→ **SUPPLIED INFORMATION**

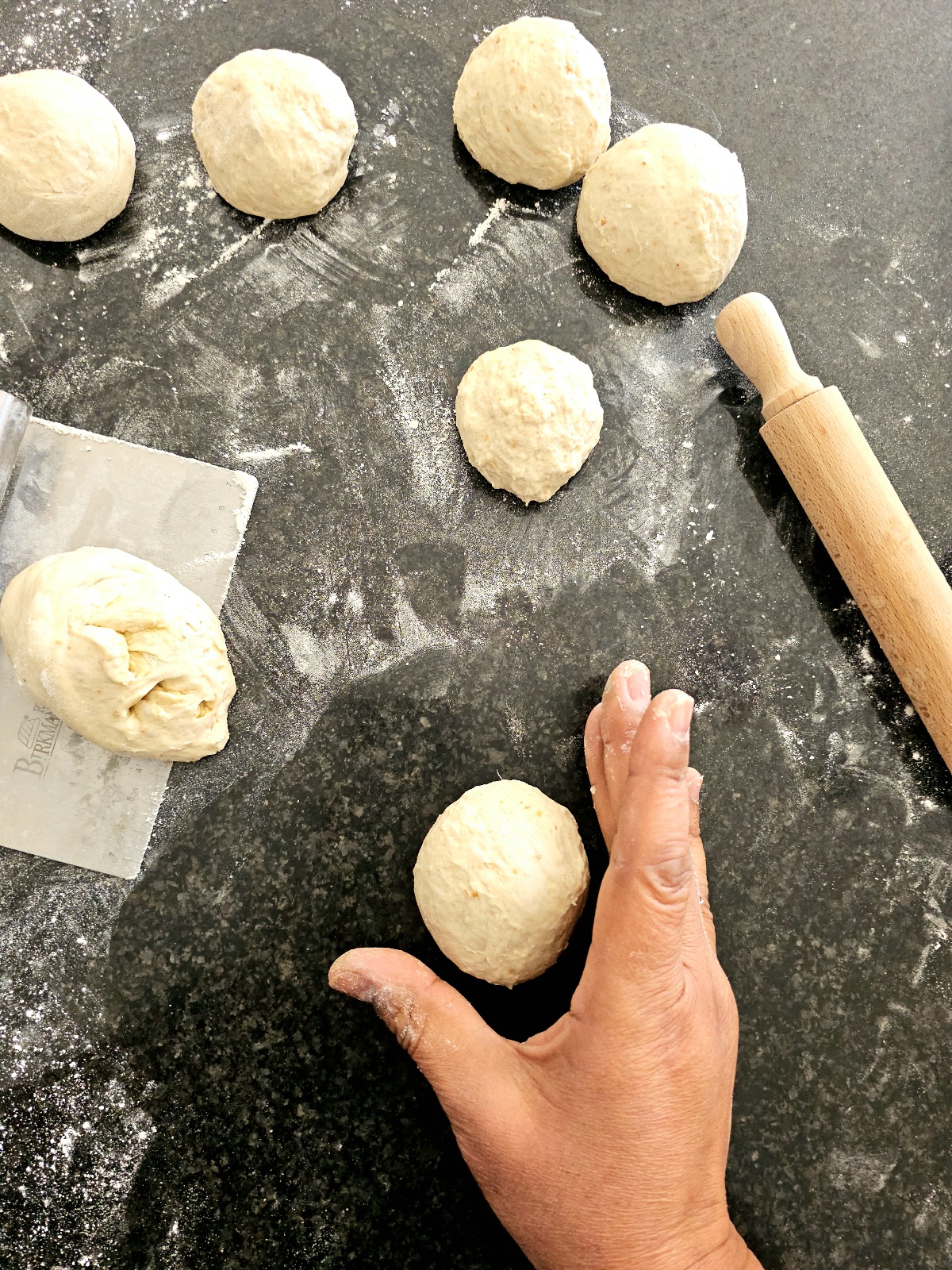 hand shaping dough for naan bread recipe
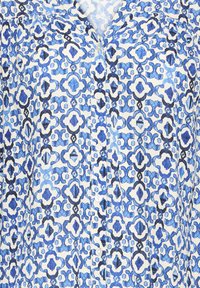 Blouse à motif géométrique bleu et blanc avec un devant à boutons et un col en forme de V.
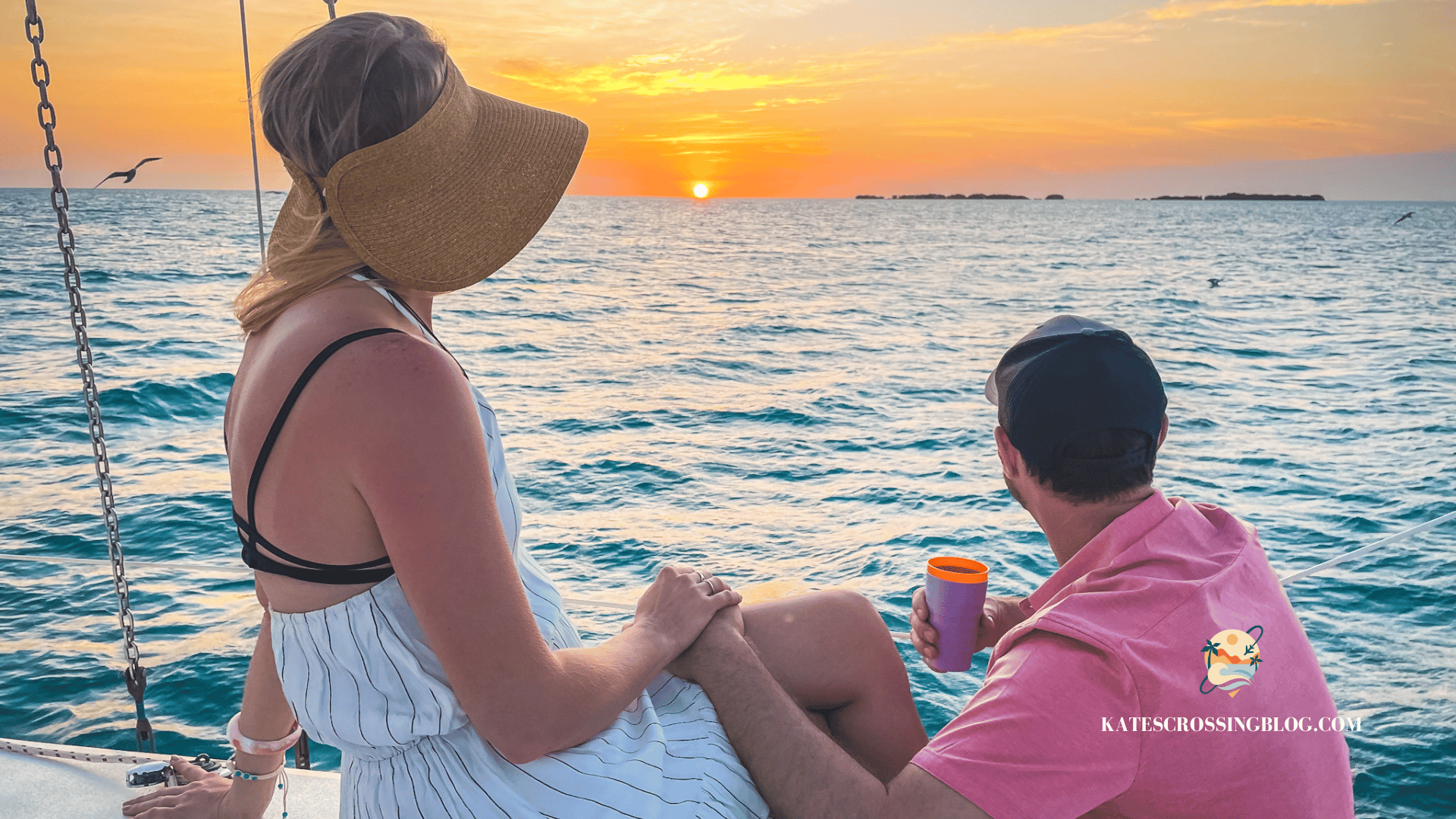 Kate and her husband are sitting on the side of a sailboat, looking out at a sunset over the water, holding hands.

→ **ACTIVITY**
The whole listing must be transcribed exactly. No pictures belong in the copy.

→ **RESULT BELOW**
 hand shaping dough for naan bread recipe
 Blouse à motif géométrique bleu et blanc avec un devant à boutons et un col en forme de V.
 Kate and her husband are sitting on the side of a sailboat, looking out at a sunset over the water, holding hands.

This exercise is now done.